▶ _Extracted records_
──────────

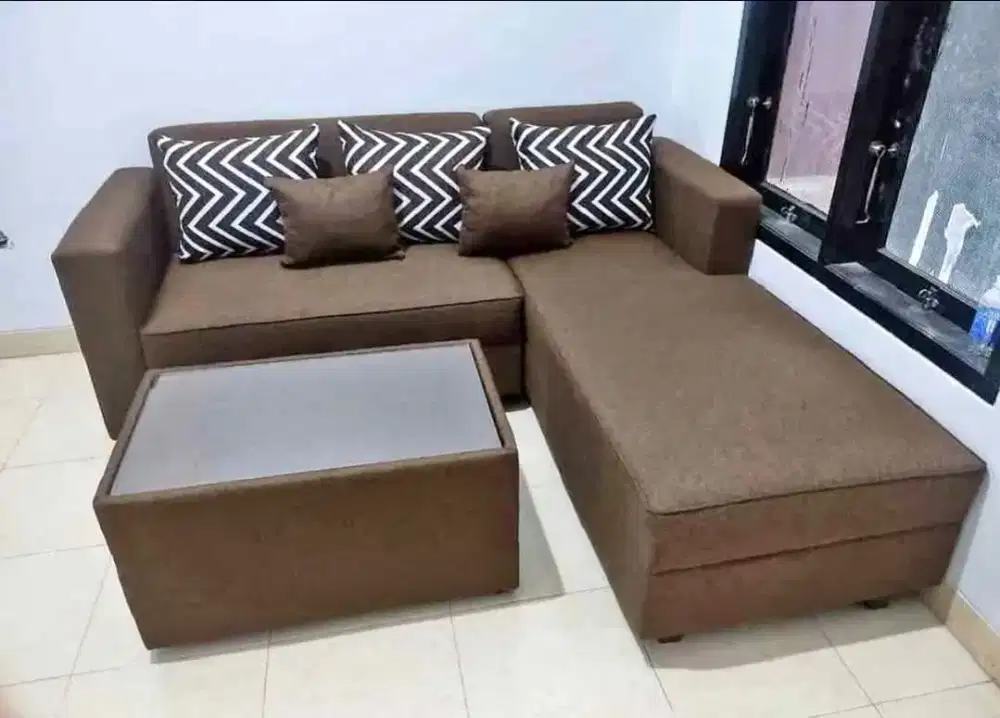 Sofa L selonjor minimalis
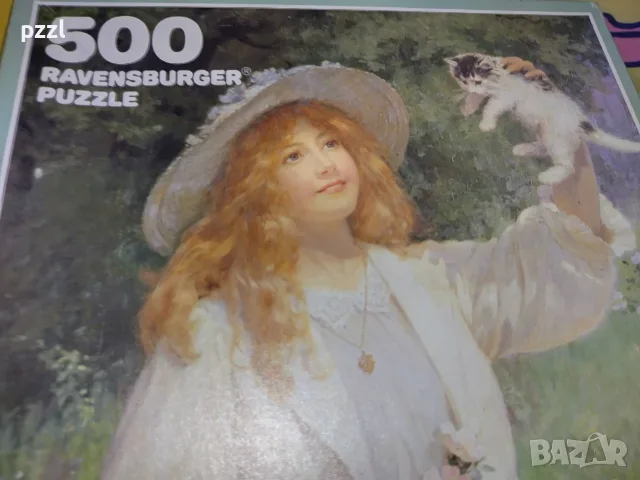 Пъзел "Момиче с котенца ” Ravensburger 1986г. 500 части, снимка 3 - Пъзели - 56077473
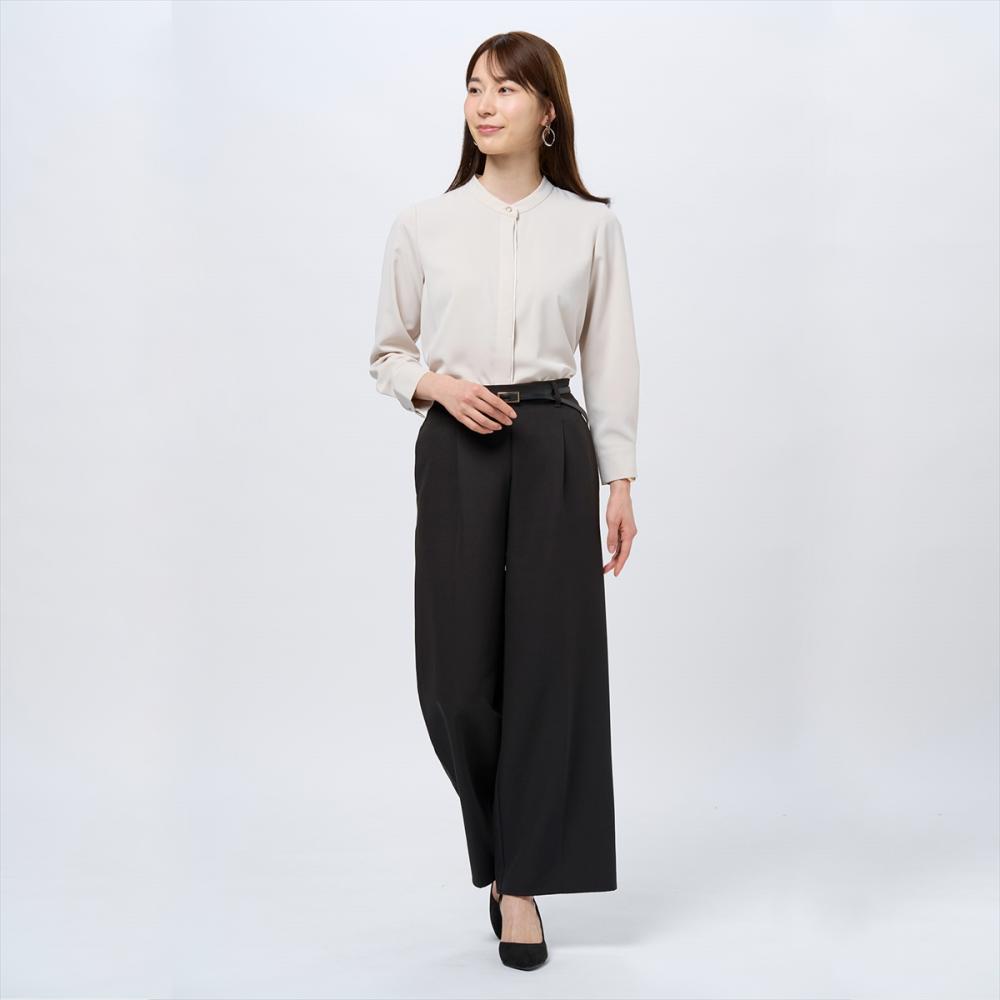イエナ／人気定番とろみサテンボートネックブラウス クリーン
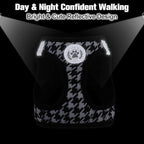 BEAUTYZOO Small Dog Harness and Leash Set,Step in No Choke No Pull Soft Mesh Dog Harnesses Reflective for Extra Small Medium Puppy Dogs and Cats, Plaid Dog Vest Harness for XS S Pets, Black XS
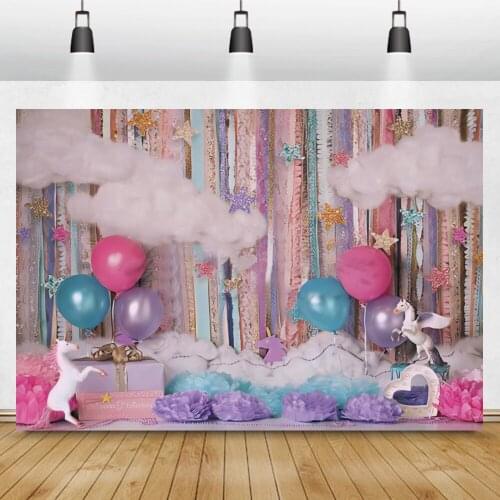Laeacco Pink Blue Balloon Colorful Star Unicorn Gift Newborn Baby Birthday Party Backdrop Photography Backgrounds Photo Studio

──────────

▶ _Assignment_
Every line above should be printed again word for word, without its pictures.

▶ _Written solution_
 Sofa L selonjor minimalis
 Пъзел "Момиче с котенца ” Ravensburger 1986г. 500 части, снимка 3 - Пъзели - 56077473
イエナ／人気定番とろみサテンボートネックブラウス クリーン
 BEAUTYZOO Small Dog Harness and Leash Set,Step in No Choke No Pull Soft Mesh Dog Harnesses Reflective for Extra Small Medium Puppy Dogs and Cats, Plaid Dog Vest Harness for XS S Pets, Black XS
Laeacco Pink Blue Balloon Colorful Star Unicorn Gift Newborn Baby Birthday Party Backdrop Photography Backgrounds Photo Studio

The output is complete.